The Center for the Study of Political Graphics (CSPG) is a United States non-profit, educational and research archive that collects, preserves, documents, and circulates domestic and international political posters relating to historical and contemporary movements for social change. From its base in Los Angeles, California, CSPG organizes travelling exhibitions, lectures, and workshops, and publishes educational material. Their website also hosts virtual exhibitions.

==Carol A. Wells, Founder==
CSPG was founded in 1989 by Carol Wells. Wells has been involved in social justice since high school when she discovered the power of political graphics "when a UCLA professor hired her to travel to Nicaragua in 1981 to collect posters for him after the Sandinistas had come to power. She has said, "I literally had that dismissive attitude toward a poster that, once I realized how important posters are, I resented in other people." She holds a B.A. in History and M.A. in Art History from UCLA. She taught history of art and architecture for thirteen years at California State University, Fullerton. She has also served as a mentor for the Creative Action program at Otis College of Art and Design teaching students about the power of art to make change. Since 1981, Wells has been collecting posters internationally that advocate for civil rights. She is an expert on political graphics and has published scores of articles and essays about political poster art. She has also organized over 100 poster exhibitions.

==About the archive==
The CSPG archive currently contains more than 85,000 posters and has the largest collection of post-World War II social justice posters in the United States and the second largest in the world. Media and techniques represented include offset, lithography, linocut, woodblock, silkscreen, stencil, and photocopy. All prints are catalogued to aid researchers. CSPG also loans out prints to other institutions for exhibit. Portions of the collection are available through the Online Archives of California, an initiative of the California Digital Library.

A major article in the LA Weekly in 2015 said: "Protest posters of every kind are preserved in the center's archives, along with thousands of bumper stickers and political buttons.

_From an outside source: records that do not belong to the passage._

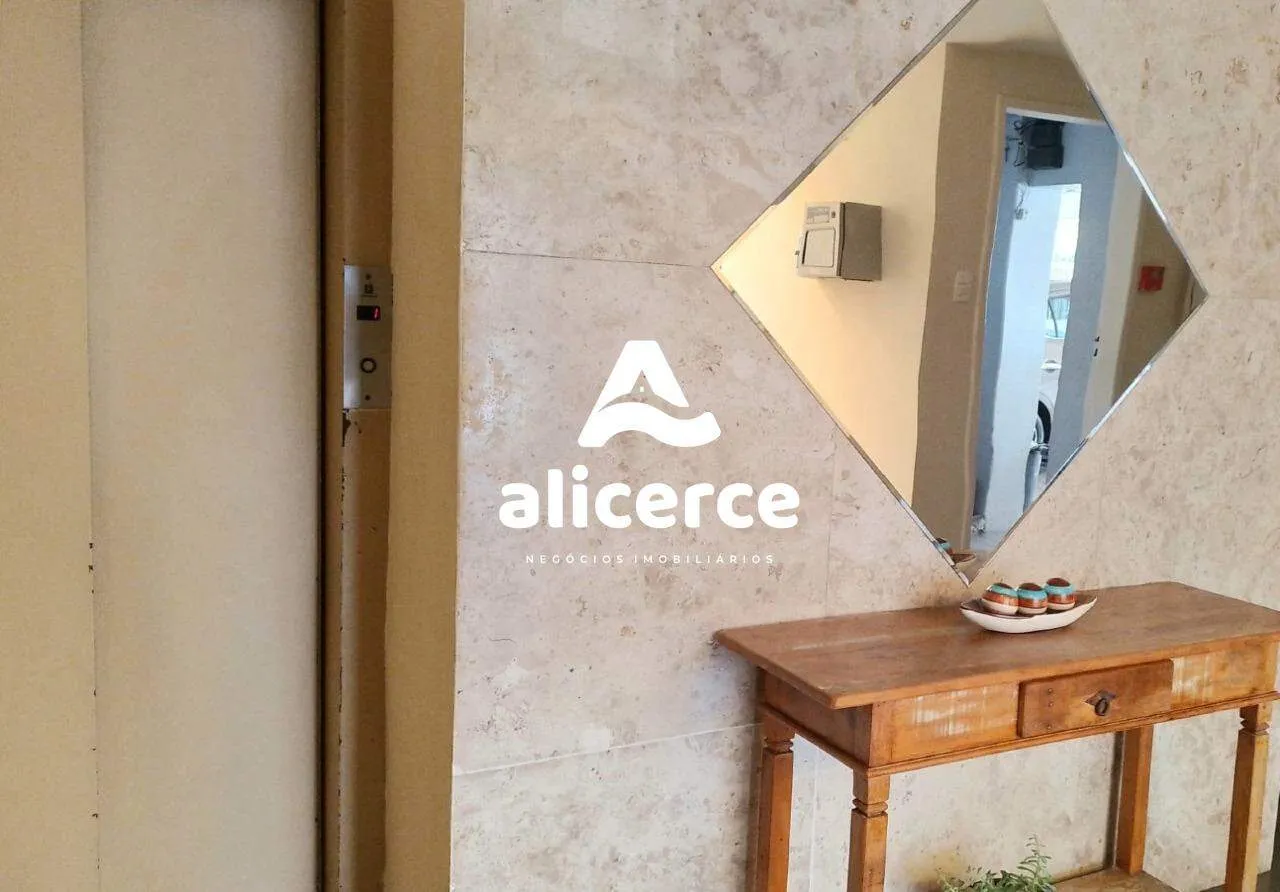 Imagem Amplo apartamento de 3 dormitórios no Coração do Estreito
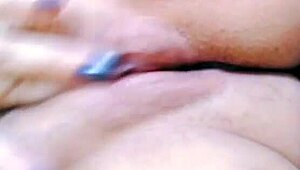 Teen rubs pussy on webcam until dripping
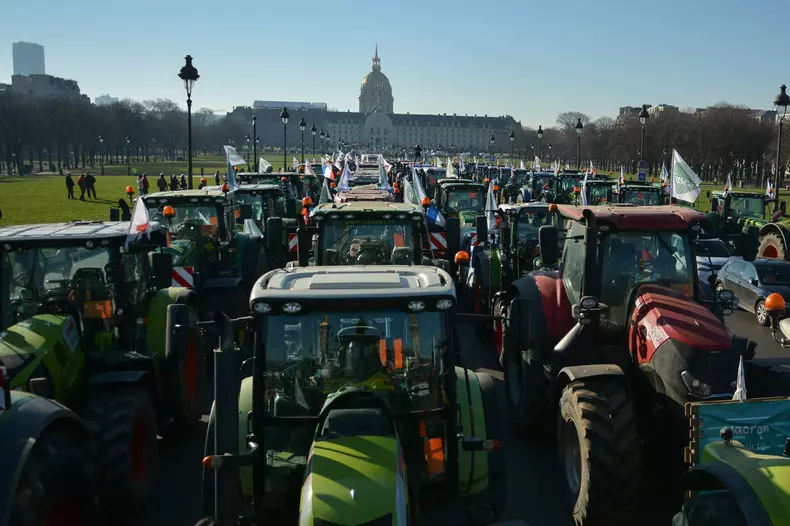 Farmers protest in Paris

Online, at politicalgraphics.org, the center features a poster of the week, such as one recognizing the 50th anniversary of the assassination of Malcolm X." CSPG founder Carol Wells was also interviewed on NPR's Morning Edition on Mar 13, 1996 about the "Decade of Protest" exhibition exhibit at Los Angeles Contemporary Exhibitions.

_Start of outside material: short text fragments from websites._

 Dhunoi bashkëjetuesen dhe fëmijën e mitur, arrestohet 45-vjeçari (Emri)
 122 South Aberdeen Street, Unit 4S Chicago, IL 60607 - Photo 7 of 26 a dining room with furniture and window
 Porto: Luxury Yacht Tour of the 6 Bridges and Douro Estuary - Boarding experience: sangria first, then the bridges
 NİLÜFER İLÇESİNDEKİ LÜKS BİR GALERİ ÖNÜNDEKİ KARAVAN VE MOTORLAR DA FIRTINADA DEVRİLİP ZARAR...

CSPG depends upon the donation of posters to make this resource as representative as possible of the many historical and ongoing struggles. CSPG has also received grants from the Getty Trust, Los Angeles County Arts Commission, Department of Cultural Affairs (City of Los Angeles, David Geffen Foundation, The James Irvine Foundation, among many others.

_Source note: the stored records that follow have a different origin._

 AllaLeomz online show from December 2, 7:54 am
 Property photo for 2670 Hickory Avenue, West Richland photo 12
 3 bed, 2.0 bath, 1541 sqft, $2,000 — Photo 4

A fundraiser is held annually called "Celebrating the Art of Resistance." Three honors are awarded each year—Aris & Carolyn Anagnos Culture of Liberation Award, The Art as a Hammer Award, and The Historian of the Lions.

==Exhibitions==
In the wake of the 2006 Great American Boycott, CSPG organized a labor-themed exhibition. In the last seventeen years, CSPG exhibitions has created toured exhibitions to more than 280 venues worldwide. They are mounted at various galleries institutions, and are accompanied by translations. Exhibition Guides are usually published and contain excellent scholarly writing on the subjects. CSPG's traveling exhibitions (available for rental) are presented from a multi-issue and multicultural perspective, and tend to focus on current issues. For example, upon the death of Ronald Reagan, CSPG mounted an exhibition of anti-Reagan posters.

"Art Against Empire: Graphic Responses to U.S. Interventions Since World War II" was exhibited at Los Angeles Contemporary Exhibitions in 2010.

In 1994, "All Power to the People," showcased protest posters and graphics produced during the height of the Black Panther Party the Southern California Library for Social Studies and Research.

Other examples include "Too Hot To Handle Graphics on Global Warming, Pollution & Climate Justice. It was funded in part by the City of Los Angeles Cultural Affairs Department and the California Arts Council.; "Reclaiming the F-Word: Posters on International Feminism(s)"; and "Globalize THIS! International Graphics of Resistance!" Exhibition Guides are published and contain excellent scholarly writing on the subjects.